▶ _Exercise details_:
Down to the final line, return the records unchanged.

▶ _Source records_:

__________

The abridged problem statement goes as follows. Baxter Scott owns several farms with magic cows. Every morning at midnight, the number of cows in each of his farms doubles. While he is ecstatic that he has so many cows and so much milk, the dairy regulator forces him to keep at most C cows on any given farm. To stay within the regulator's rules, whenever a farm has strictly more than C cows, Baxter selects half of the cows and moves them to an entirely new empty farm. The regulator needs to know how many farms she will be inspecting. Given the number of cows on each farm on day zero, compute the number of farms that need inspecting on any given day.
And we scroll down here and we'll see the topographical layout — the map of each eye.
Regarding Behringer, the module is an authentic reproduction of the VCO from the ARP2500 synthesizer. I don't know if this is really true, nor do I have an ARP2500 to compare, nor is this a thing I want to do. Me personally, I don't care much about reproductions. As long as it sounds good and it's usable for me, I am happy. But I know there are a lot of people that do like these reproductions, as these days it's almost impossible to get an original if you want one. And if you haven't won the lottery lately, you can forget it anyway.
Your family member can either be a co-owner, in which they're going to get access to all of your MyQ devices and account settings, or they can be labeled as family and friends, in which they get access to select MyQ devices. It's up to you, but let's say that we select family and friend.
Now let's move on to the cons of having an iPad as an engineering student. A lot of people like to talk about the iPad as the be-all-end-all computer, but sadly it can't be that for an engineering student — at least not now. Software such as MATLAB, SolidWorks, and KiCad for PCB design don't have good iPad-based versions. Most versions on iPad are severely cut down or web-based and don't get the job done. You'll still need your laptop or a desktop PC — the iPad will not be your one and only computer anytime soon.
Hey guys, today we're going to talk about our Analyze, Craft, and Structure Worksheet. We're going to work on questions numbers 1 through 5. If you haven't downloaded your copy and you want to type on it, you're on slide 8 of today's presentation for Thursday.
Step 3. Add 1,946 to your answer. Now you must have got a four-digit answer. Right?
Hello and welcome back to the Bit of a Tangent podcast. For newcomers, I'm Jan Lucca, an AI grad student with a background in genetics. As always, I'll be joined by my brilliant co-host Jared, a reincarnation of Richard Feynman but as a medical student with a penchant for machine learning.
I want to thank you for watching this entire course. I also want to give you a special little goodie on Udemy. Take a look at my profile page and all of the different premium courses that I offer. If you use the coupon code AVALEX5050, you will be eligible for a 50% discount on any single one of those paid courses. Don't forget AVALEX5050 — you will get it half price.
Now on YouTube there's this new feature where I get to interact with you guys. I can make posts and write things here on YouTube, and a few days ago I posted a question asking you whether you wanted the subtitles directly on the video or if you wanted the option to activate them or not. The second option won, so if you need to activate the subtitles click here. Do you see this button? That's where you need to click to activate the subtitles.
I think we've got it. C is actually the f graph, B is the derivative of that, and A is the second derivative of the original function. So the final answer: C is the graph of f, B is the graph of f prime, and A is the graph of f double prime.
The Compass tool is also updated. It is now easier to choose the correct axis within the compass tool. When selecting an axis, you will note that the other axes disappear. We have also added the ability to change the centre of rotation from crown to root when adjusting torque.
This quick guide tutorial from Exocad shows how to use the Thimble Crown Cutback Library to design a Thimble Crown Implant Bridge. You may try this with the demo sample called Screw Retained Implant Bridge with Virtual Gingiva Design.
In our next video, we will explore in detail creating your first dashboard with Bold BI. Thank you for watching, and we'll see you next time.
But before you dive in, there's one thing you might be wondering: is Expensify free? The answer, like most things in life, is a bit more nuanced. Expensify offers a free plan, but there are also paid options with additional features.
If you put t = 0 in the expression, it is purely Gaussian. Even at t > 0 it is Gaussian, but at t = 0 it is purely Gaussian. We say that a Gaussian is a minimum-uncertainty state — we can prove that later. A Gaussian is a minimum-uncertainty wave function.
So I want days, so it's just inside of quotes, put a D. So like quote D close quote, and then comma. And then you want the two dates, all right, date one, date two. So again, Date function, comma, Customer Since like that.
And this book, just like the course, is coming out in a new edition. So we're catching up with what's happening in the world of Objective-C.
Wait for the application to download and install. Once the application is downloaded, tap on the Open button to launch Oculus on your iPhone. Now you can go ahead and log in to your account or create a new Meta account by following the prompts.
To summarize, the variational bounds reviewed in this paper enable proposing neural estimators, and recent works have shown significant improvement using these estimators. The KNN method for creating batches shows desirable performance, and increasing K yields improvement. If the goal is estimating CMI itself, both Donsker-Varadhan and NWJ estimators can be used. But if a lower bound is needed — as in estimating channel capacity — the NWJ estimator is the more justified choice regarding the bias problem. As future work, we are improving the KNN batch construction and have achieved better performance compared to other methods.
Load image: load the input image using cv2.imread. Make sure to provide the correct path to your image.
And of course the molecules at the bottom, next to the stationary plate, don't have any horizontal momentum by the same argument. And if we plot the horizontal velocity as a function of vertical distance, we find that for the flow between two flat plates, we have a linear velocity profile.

__________

▶ _Answer area_:
The abridged problem statement goes as follows. Baxter Scott owns several farms with magic cows. Every morning at midnight, the number of cows in each of his farms doubles. While he is ecstatic that he has so many cows and so much milk, the dairy regulator forces him to keep at most C cows on any given farm. To stay within the regulator's rules, whenever a farm has strictly more than C cows, Baxter selects half of the cows and moves them to an entirely new empty farm. The regulator needs to know how many farms she will be inspecting. Given the number of cows on each farm on day zero, compute the number of farms that need inspecting on any given day.
And we scroll down here and we'll see the topographical layout — the map of each eye.
Regarding Behringer, the module is an authentic reproduction of the VCO from the ARP2500 synthesizer. I don't know if this is really true, nor do I have an ARP2500 to compare, nor is this a thing I want to do. Me personally, I don't care much about reproductions. As long as it sounds good and it's usable for me, I am happy. But I know there are a lot of people that do like these reproductions, as these days it's almost impossible to get an original if you want one. And if you haven't won the lottery lately, you can forget it anyway.
Your family member can either be a co-owner, in which they're going to get access to all of your MyQ devices and account settings, or they can be labeled as family and friends, in which they get access to select MyQ devices. It's up to you, but let's say that we select family and friend.
Now let's move on to the cons of having an iPad as an engineering student. A lot of people like to talk about the iPad as the be-all-end-all computer, but sadly it can't be that for an engineering student — at least not now. Software such as MATLAB, SolidWorks, and KiCad for PCB design don't have good iPad-based versions. Most versions on iPad are severely cut down or web-based and don't get the job done. You'll still need your laptop or a desktop PC — the iPad will not be your one and only computer anytime soon.
Hey guys, today we're going to talk about our Analyze, Craft, and Structure Worksheet. We're going to work on questions numbers 1 through 5. If you haven't downloaded your copy and you want to type on it, you're on slide 8 of today's presentation for Thursday.
Step 3. Add 1,946 to your answer. Now you must have got a four-digit answer. Right?
Hello and welcome back to the Bit of a Tangent podcast. For newcomers, I'm Jan Lucca, an AI grad student with a background in genetics. As always, I'll be joined by my brilliant co-host Jared, a reincarnation of Richard Feynman but as a medical student with a penchant for machine learning.
I want to thank you for watching this entire course. I also want to give you a special little goodie on Udemy. Take a look at my profile page and all of the different premium courses that I offer. If you use the coupon code AVALEX5050, you will be eligible for a 50% discount on any single one of those paid courses. Don't forget AVALEX5050 — you will get it half price.
Now on YouTube there's this new feature where I get to interact with you guys. I can make posts and write things here on YouTube, and a few days ago I posted a question asking you whether you wanted the subtitles directly on the video or if you wanted the option to activate them or not. The second option won, so if you need to activate the subtitles click here. Do you see this button? That's where you need to click to activate the subtitles.
I think we've got it. C is actually the f graph, B is the derivative of that, and A is the second derivative of the original function. So the final answer: C is the graph of f, B is the graph of f prime, and A is the graph of f double prime.
The Compass tool is also updated. It is now easier to choose the correct axis within the compass tool. When selecting an axis, you will note that the other axes disappear. We have also added the ability to change the centre of rotation from crown to root when adjusting torque.
This quick guide tutorial from Exocad shows how to use the Thimble Crown Cutback Library to design a Thimble Crown Implant Bridge. You may try this with the demo sample called Screw Retained Implant Bridge with Virtual Gingiva Design.
In our next video, we will explore in detail creating your first dashboard with Bold BI. Thank you for watching, and we'll see you next time.
But before you dive in, there's one thing you might be wondering: is Expensify free? The answer, like most things in life, is a bit more nuanced. Expensify offers a free plan, but there are also paid options with additional features.
If you put t = 0 in the expression, it is purely Gaussian. Even at t > 0 it is Gaussian, but at t = 0 it is purely Gaussian. We say that a Gaussian is a minimum-uncertainty state — we can prove that later. A Gaussian is a minimum-uncertainty wave function.
So I want days, so it's just inside of quotes, put a D. So like quote D close quote, and then comma. And then you want the two dates, all right, date one, date two. So again, Date function, comma, Customer Since like that.
And this book, just like the course, is coming out in a new edition. So we're catching up with what's happening in the world of Objective-C.
Wait for the application to download and install. Once the application is downloaded, tap on the Open button to launch Oculus on your iPhone. Now you can go ahead and log in to your account or create a new Meta account by following the prompts.
To summarize, the variational bounds reviewed in this paper enable proposing neural estimators, and recent works have shown significant improvement using these estimators. The KNN method for creating batches shows desirable performance, and increasing K yields improvement. If the goal is estimating CMI itself, both Donsker-Varadhan and NWJ estimators can be used. But if a lower bound is needed — as in estimating channel capacity — the NWJ estimator is the more justified choice regarding the bias problem. As future work, we are improving the KNN batch construction and have achieved better performance compared to other methods.
Load image: load the input image using cv2.imread. Make sure to provide the correct path to your image.
And of course the molecules at the bottom, next to the stationary plate, don't have any horizontal momentum by the same argument. And if we plot the horizontal velocity as a function of vertical distance, we find that for the flow between two flat plates, we have a linear velocity profile.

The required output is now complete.